Exercise details: Leaving out all pictures, transcribe exactly the lines between the line with "Vintage Webcor Big" and the last line of the records below, both included.

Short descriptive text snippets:
──────────
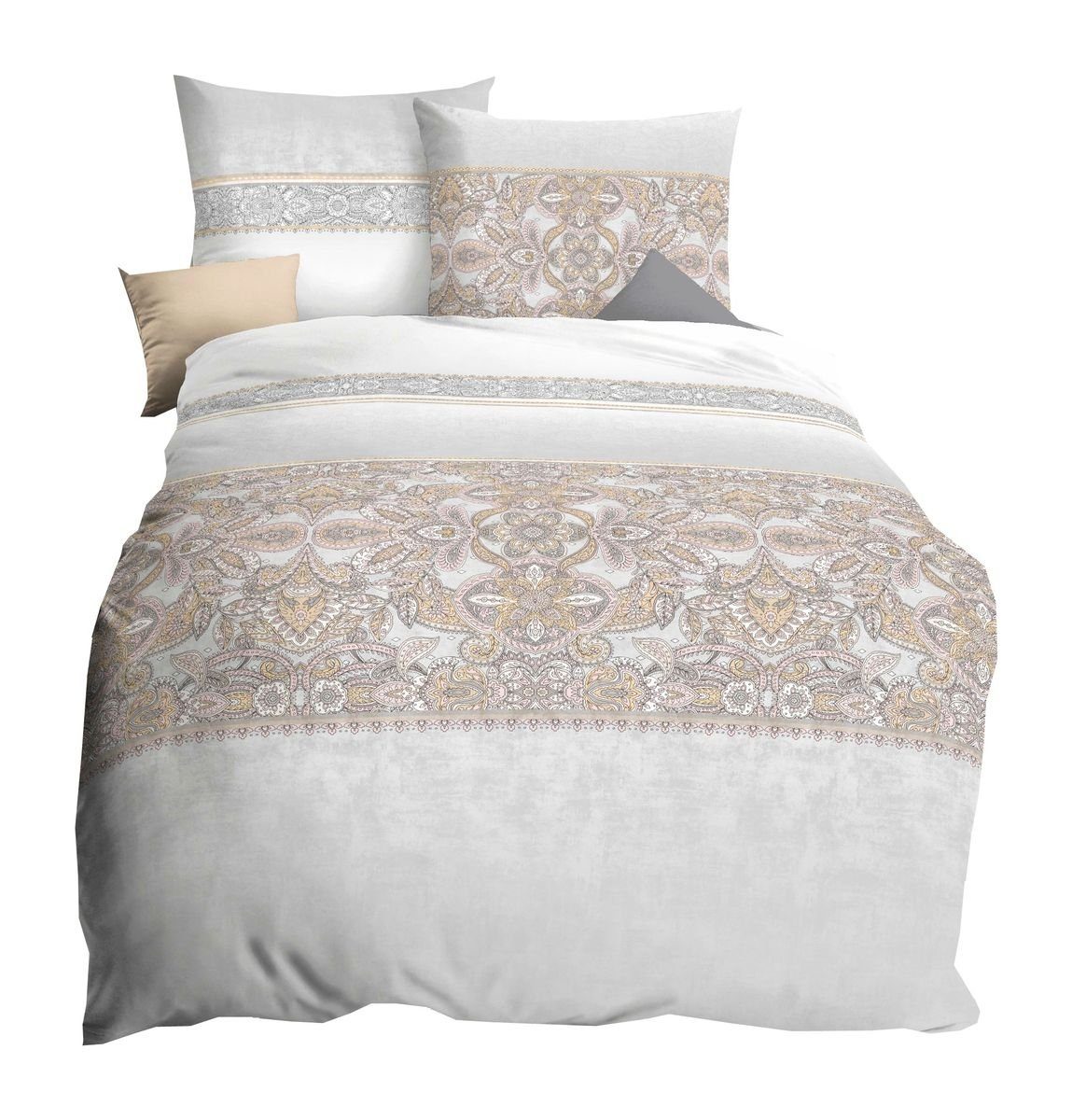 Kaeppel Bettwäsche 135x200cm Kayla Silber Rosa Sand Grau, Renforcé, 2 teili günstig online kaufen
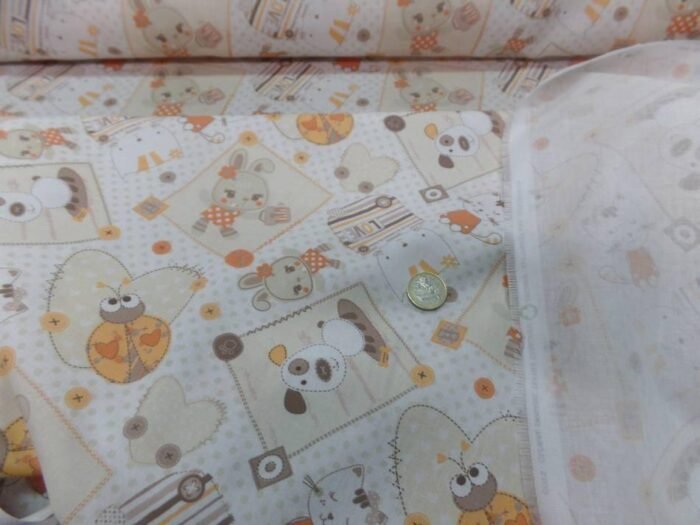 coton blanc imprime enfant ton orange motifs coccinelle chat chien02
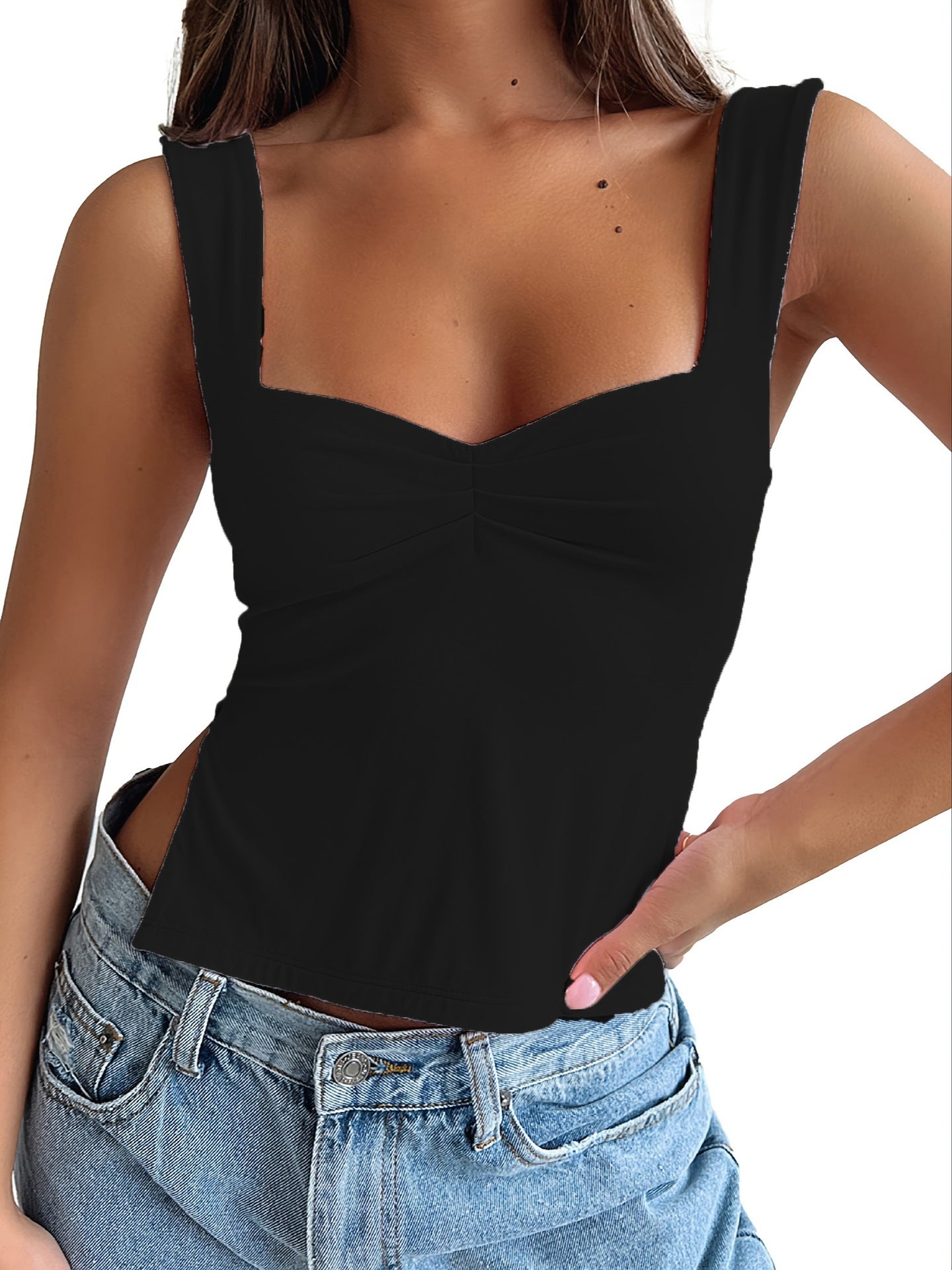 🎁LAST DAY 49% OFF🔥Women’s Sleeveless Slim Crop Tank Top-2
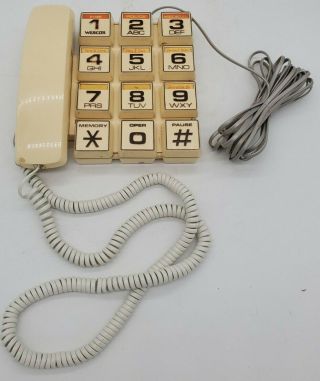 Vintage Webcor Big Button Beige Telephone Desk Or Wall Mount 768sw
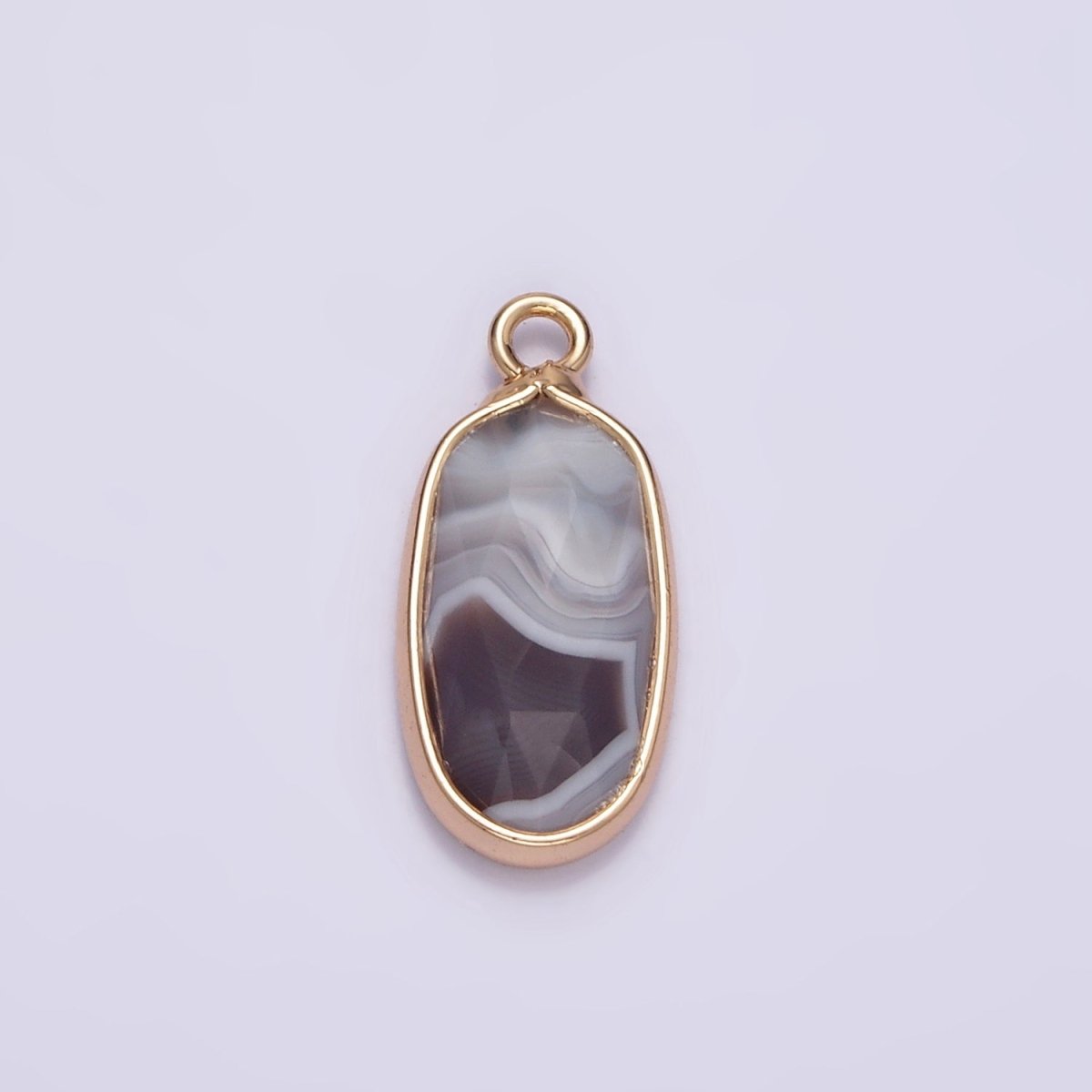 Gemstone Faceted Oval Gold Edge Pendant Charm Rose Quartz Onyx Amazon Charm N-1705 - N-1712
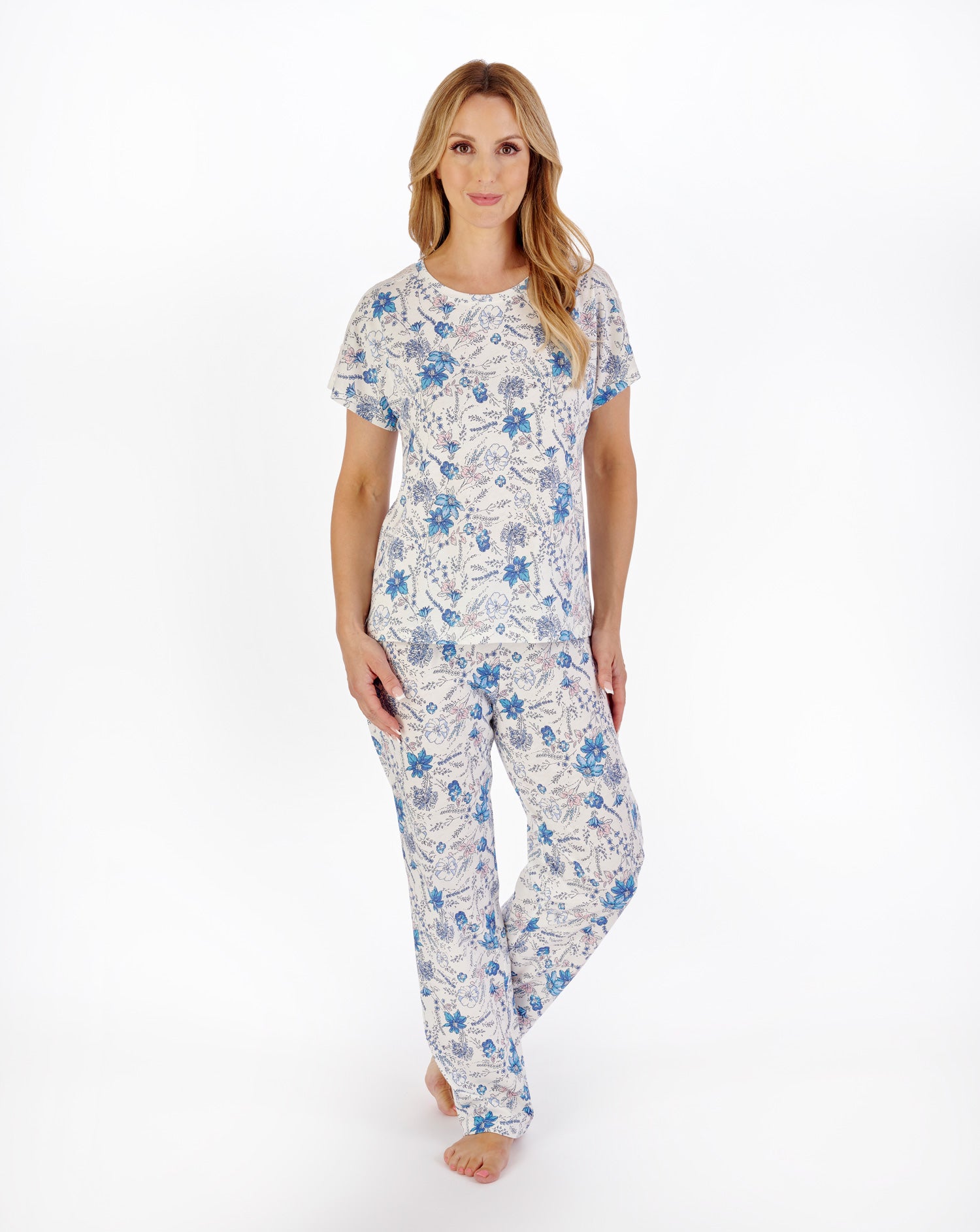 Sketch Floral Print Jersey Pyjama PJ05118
──────────
Response to this exercise:
 Vintage Webcor Big Button Beige Telephone Desk Or Wall Mount 768sw
 Gemstone Faceted Oval Gold Edge Pendant Charm Rose Quartz Onyx Amazon Charm N-1705 - N-1712
 Sketch Floral Print Jersey Pyjama PJ05118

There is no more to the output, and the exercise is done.